ATV – Building a Response – Develop Textile Concepts – pt2
Continuing to work with the sweeping shapes that I had previously manipulated and played around with.
The black bent shapes I cut by hand and I particularly like these shapes. I think it would work well in appliqué using Sheila Frampton-Cooper as an influence. Sheila works in far brighter colours, I’m wondering if I could work a slightly bigger composition with these shapes as a focal point as she has done with Kelp.
I’m a great lover of happy accidents and reusing stuff that has been cast off so the next 2 compositions are made with the carbon paper I had left over from making a couple of tracings of the original sketch.
I’m very drawn to the first composition of thin lines on the black, although I do not particularly like the paper translation.
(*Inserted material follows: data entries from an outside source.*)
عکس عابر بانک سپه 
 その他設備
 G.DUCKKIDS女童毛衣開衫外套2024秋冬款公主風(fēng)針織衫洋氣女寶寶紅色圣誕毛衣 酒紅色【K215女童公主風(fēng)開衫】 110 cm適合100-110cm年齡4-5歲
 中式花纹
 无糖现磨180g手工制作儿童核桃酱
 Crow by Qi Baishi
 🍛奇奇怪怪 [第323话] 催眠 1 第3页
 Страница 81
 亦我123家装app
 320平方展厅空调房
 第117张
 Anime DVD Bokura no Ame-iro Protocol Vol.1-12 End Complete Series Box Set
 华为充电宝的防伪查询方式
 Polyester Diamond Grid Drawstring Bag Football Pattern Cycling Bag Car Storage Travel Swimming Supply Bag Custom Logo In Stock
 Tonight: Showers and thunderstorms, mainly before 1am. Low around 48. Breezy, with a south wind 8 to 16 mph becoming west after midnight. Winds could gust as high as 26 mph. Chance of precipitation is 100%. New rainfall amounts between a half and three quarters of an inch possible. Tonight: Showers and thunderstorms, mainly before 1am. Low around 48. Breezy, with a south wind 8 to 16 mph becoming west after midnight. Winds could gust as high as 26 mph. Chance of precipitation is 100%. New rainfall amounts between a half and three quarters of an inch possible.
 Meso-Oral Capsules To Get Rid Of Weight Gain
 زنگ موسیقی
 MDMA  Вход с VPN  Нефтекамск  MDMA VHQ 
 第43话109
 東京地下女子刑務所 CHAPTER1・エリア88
I can see it worked on chiffon or organza. I looked through some of Maggie Grey’s work because I know she likes to work with these types of fabric but I think her work is too detailed for what I’d like to do. I am more drawn to garments and gowns, like these Art Deco dresses.
Now the paper version of the 3rd composition is much nicer than the 2nd but I’m not sure if it can be translated to keep the qualities that I want of softness unless! I could use nuno felting, now that would work. Very light, gentle wool tops worked into light black chiffon. Now that I like the idea of that!
This white layered piece reminds me of the wonderful dress design I saw at Manchester Art Museum by Xenia Telunts. She had made a simple but very moving design called Restriction. Xenia took her inspiration from the women who during WW1 because of mental distress found themselves committed to asylums.
I don’t want to copy Xenia’s fabric choices but I would like to test recreating the layering with heated synthetic fabrics and black felt. The base layer could be similar to Emily Sladen’s work.
If I used this technique then I could continue using light chiffon type material that is starting to become a theme running through my designs. I like the way that Chanel stretch the base fabric on frames, I never studied tambour embroidery so I would only be doing an approximation but that would be interesting and exciting in itself.
The third composition I made with the concept of ‘near and far’ in my mind. I really like the layering and it reminds me of the work of Holly Fulton in the Fashion and Freedom exhibition at the Manchester Art Museum. I spent a lot of time looking at this beautifully structured garment. It’s so very different from anything that we would wear now.
I love the layering and the attention to detail and I wonder if I could use elements of Holly’s construction techniques.